A leading pediatricians’ group has issued new guidelines on treating obesity in children and teens that, for the first time, call for early, aggressive intervention that can include weight-loss drugs and surgery.
“There is no evidence that ‘watchful waiting’ or delayed treatment is appropriate for children with obesity,” Dr. Sandra Hassink, an author of the new American Academy of Pediatrics (AAP) guidelines and vice chair of the Clinical Practice Guideline Subcommittee on Obesity, said in a statement.
About 20% of U.S. children now live with obesity, about 15 million children altogether, according to the U.S. Centers for Disease Control and Prevention.

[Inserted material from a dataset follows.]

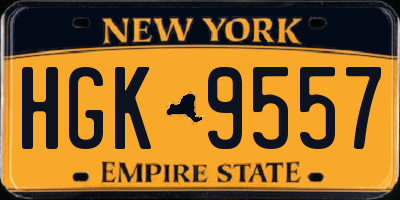 NY license plate HGK9557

New guideline recommendations
The new guidelines recommend against watching and waiting, instead suggesting families of children aged 6 and up should work with their pediatricians on behavior and lifestyle changes. In some cases, families of children aged 2 to 5 should, too, the guidelines recommend. This should include at least 26 hours of counseling over about a year.
The new guidelines also suggest that pediatricians should offer obese children aged 12 and up new weight-loss drugs that include Orlistat, Saxenda, Qsymia and Wegovy. Phentermine is approved for kids over 16 years of age, the guidelines said.

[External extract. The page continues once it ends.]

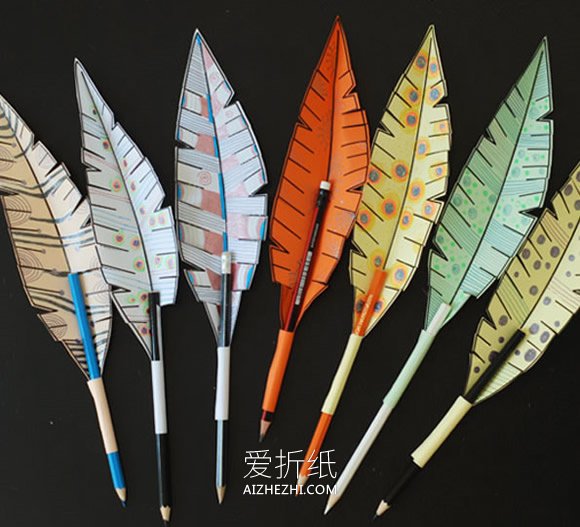 怎么用彩纸做羽毛笔的手工制作教程- www.aizhezhi.com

“The breakthrough that happened in the last few years was people started realizing that there are hormones made in the gut that have multiple roles related to obesity. By targeting these, medications can help people feel full faster and help stabilize insulin levels,” Dr. Joan Han, chief of the division of pediatric endocrinology and diabetes at Mount Sinai Kravis Children’s Hospital in New York City, told NBC News.

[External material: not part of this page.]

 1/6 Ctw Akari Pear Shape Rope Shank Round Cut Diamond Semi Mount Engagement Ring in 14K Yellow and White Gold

The new AAP guidelines also recommend discussing weight-loss (or “bariatric”) surgery with teens aged 13 and up who have severe obesity.
“The sooner, the better for many things,” Han said. “There is research that shows that getting bariatric surgery sooner can reverse health issues like type 2 diabetes and high blood pressure, which is why surgery should be considered for pediatric patients.”
Still, medications and surgery are not first-line treatments, Hassink cautioned.